A prior study derived items and an engagement framework comprised of 4 domains: collaborative communication, health information use, healthcare navigation, and self-management. Items were administered to 9,538 Veterans diagnosed with chronic conditions and/or mental health conditions via mail survey fielded October, 2018 through January, 2019 (RR = 38%). Current results describe data available at submission date (n = 7,948; 83% of sample). We used hierarchical item clustering and exploratory Item Response Theory derived from ordinal factor analysis to evaluate measurement structure and item characteristics. We used Spearman correlations and ordinal logit models to evaluate concurrent validity.
A pool of 41 candidate items formed one general dimension of engagement, with clusters around navigation (alpha = .89), self-management (alpha = .89), and communication (alpha = .88). Items demonstrated good reliability and measurement precision (alpha = .95; reliability > .80 and SEM < .35 from 3 standard deviations (SD) below the mean to 2 SD above the mean). Several items emerged as particularly informative, such as "I can get the care I need without getting discouraged"; "I know I can get the information I need about the pros and cons of treatments"; and "I know I can express my doubts, even if my provider might disagree." Higher item scores were significantly associated with higher scores for related outcomes, including CAHPS composite scores for communication with providers (r = .46-.66), health literacy (r = .22-.34), and ratings for how well VA care met their needs (r = .47-.67).

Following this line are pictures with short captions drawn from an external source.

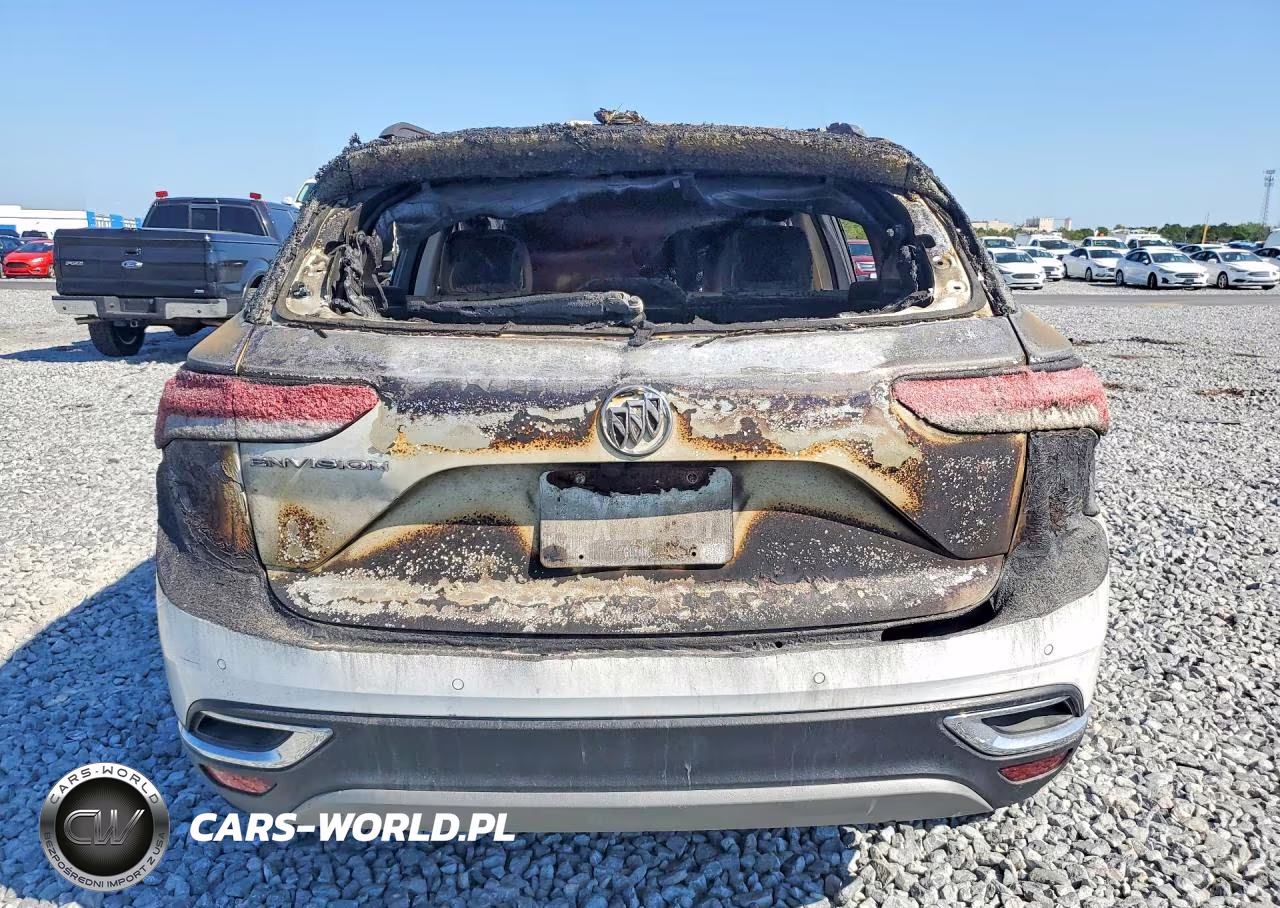 2021 Buick Envision Essence VIN:LRBFZNR49MD070757 - 6
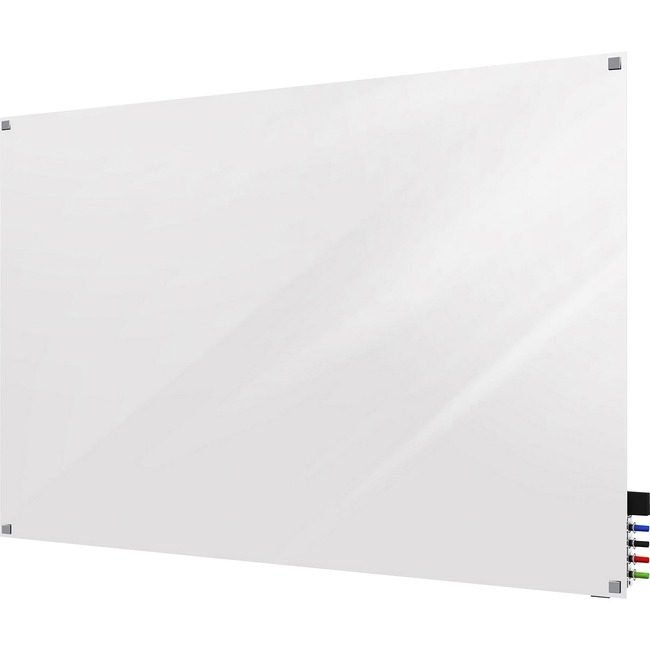 Ghent Manufacturing Board Mag Sq Gl 2X3 White GHEHMYSM23WH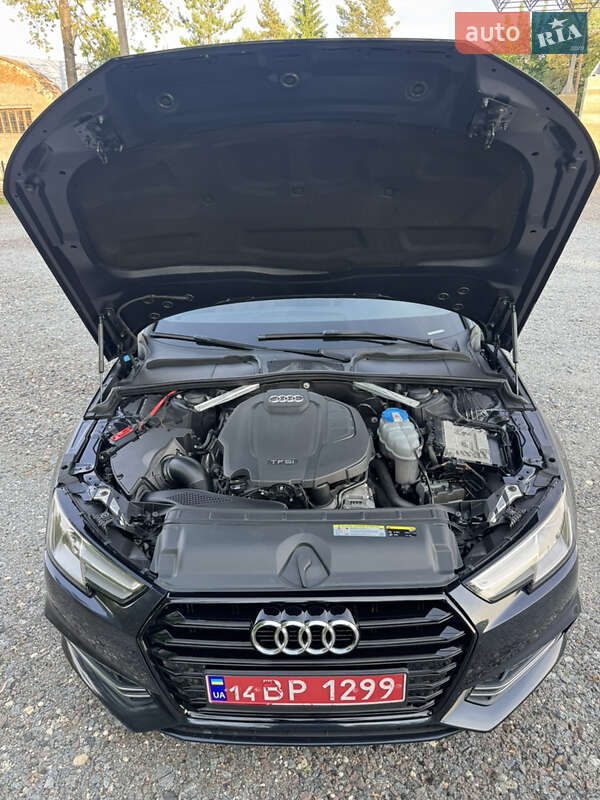 Седан Audi A4 2016 в Самборе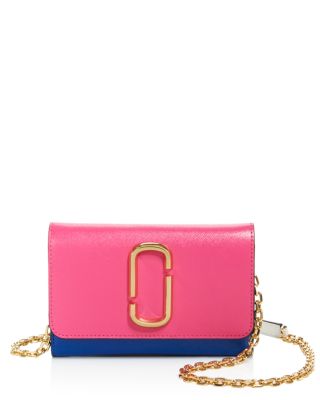 marc jacobs chain wallet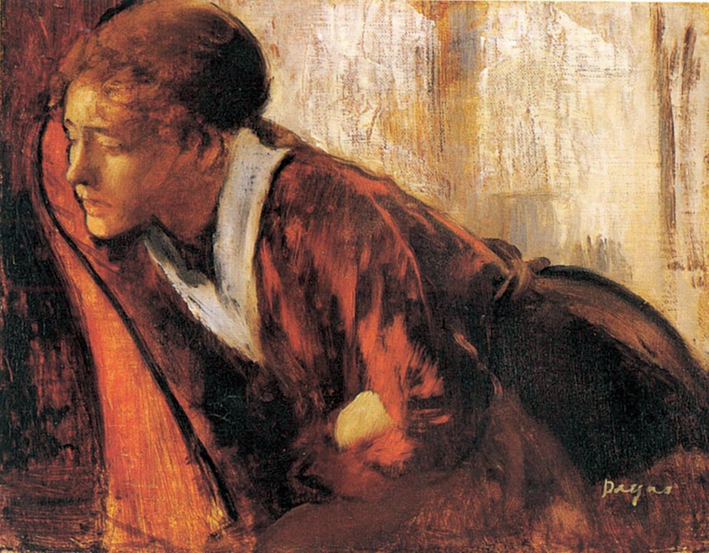  埃德加·德加 Edgar Degas—— 哀愁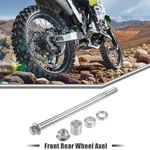 Set Atv Front Rear Axle With Bushing And Screw Bolt M12 170MM Wheel. Fixed Price $16.13.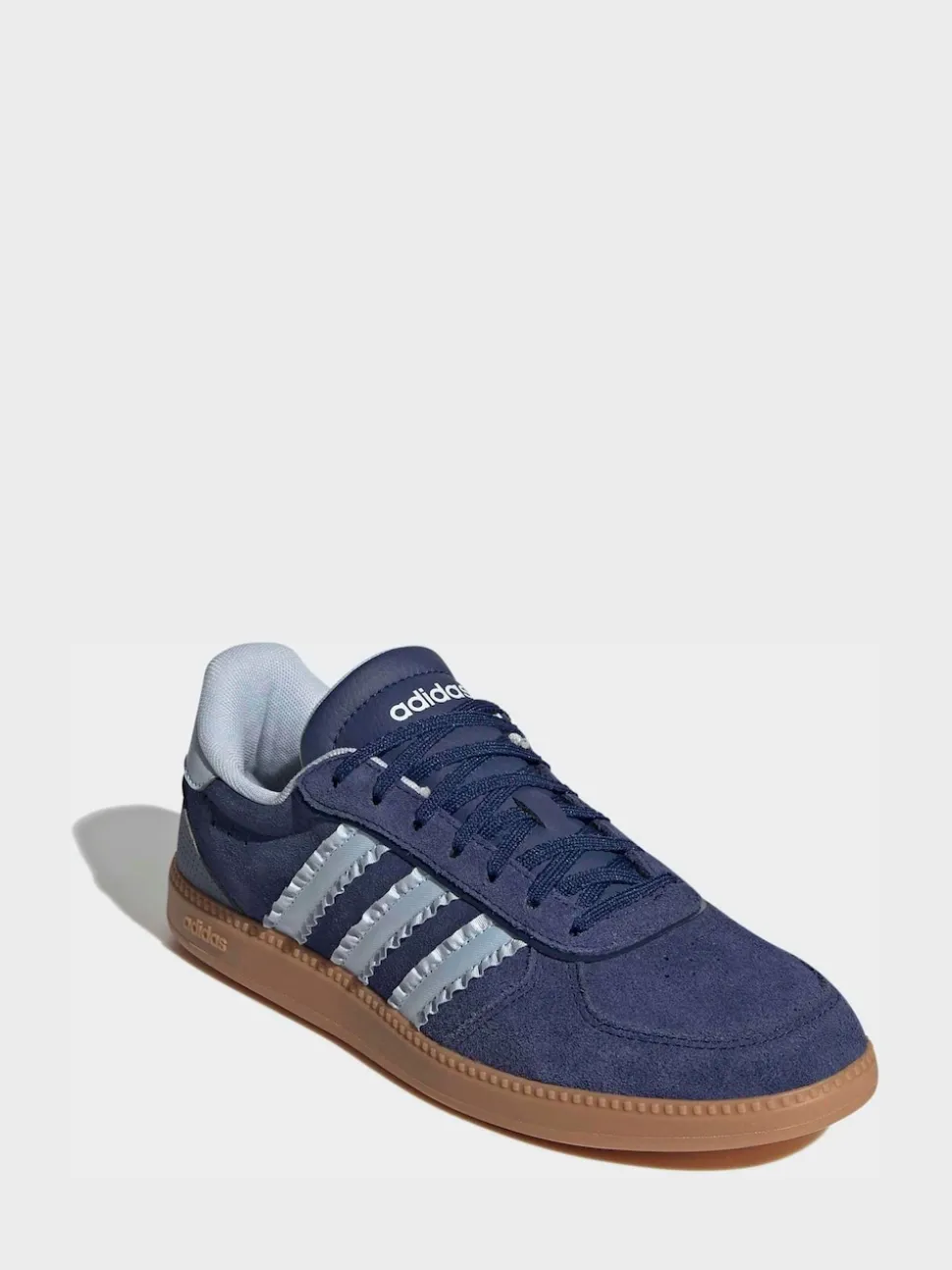 adidas Coral Blue Breaknet Sleek Trainers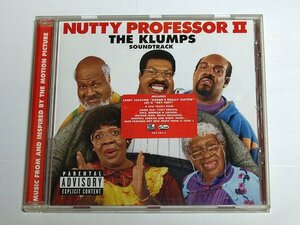 nati* профессор 2 зажим дом. поверхность .CD саундтрек Nutty Professor/ Janet Jackson,DMX,LL Cool J,Jay-Z,Eminem саундтрек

Analyses suggest very good feasibility for these items to establish a valid and reliable measure of healthcare engagement. Associations with related outcomes suggests potential for a predictive measure.
Measurement of healthcare engagement can enhance population health management by identifying Veterans in need of adjunctive services (e.g., coaching, care coordination, high-touch care) or optimizing outcomes through tailored engagement strategies. Research also suggests applications for risk adjustment and performance benchmarking.